Why isn't this Typeable?
david at well-typed.com
Mon Sep 25 18:28:58 UTC 2017
My example wasn't quite the one I intended (although I think it should
work as well, and it's simpler). Here's the sort of example I really intended:
data Bar :: forall (j :: forall k. k -> Maybe k) (a :: Type). Proxy (j a) -> Type
I would expect
Bar :: Proxy ('Just Int) -> Type
or, to abuse notation a bit,
Bar @'Just @Int
to be Typeable. What I'm really suggesting is that we should distinguish between things that are typeable and
things that can be decomposed into typeable components. We already make a limited distinction
here. For example, we have
'Just :: forall a. a -> Maybe a
'Just itself cannot be Typeable, but once it's applied to a kind variable, it is Typeable.
'Just @Int is Typeable even though that (kind) application cannot be broken with App. Similarly, I'd expect
Foo 'Just to be Typeable even though that (type) application cannot be broken with App (or Fun).

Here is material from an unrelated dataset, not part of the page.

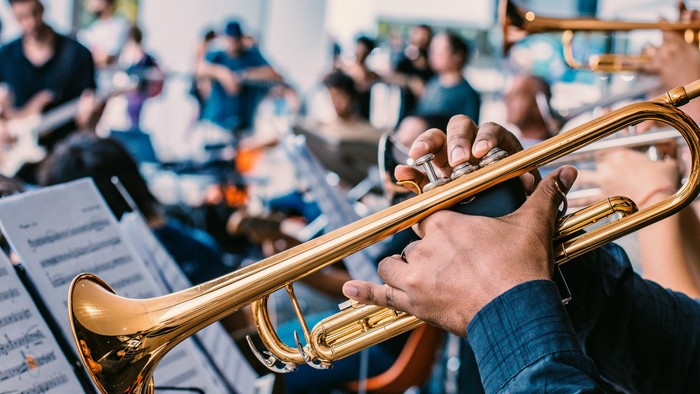 Eine Gruppe von Musikern, die in einem Orchester Blechblasinstrumente spielen.
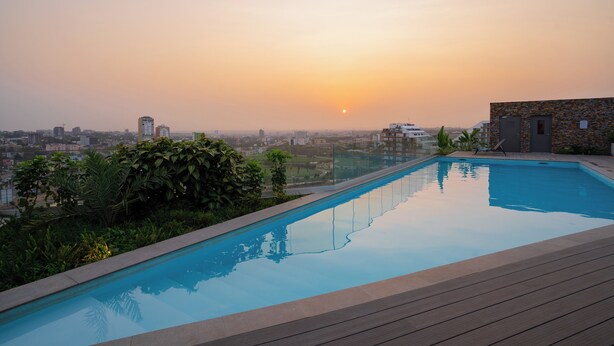 Une piscine avec vue sur la ville au coucher du soleil.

Putting things in terms of fingerprints, we can offer type-indexed fingerprints
newtype Finger a = Finger Fingerprint
for anything we can fingerprint. Is there any difficulty fingerprinting types like Foo 'Just and
Bar @'Just @Int? Fingerprints are useful for lots of applications where decomposition isn't
On Sunday, September 24, 2017 1:16:37 PM EDT Richard Eisenberg wrote:
> The problem is that to get Typeable (Foo 'Just), we need Typeable 'Just. However, the kind parameter for Typeable 'Just would be (forall a. a -> Maybe a), making the full constraint Typable (forall a. a -> Maybe a) 'Just. And saying that would be impredicative. In other contexts, 'Just *can* be Typeable, but it's 'Just invisibly instantiated at some monotype for `a`.
> So I think that this boils down to impredicativity and that the implementation is doing the right thing here.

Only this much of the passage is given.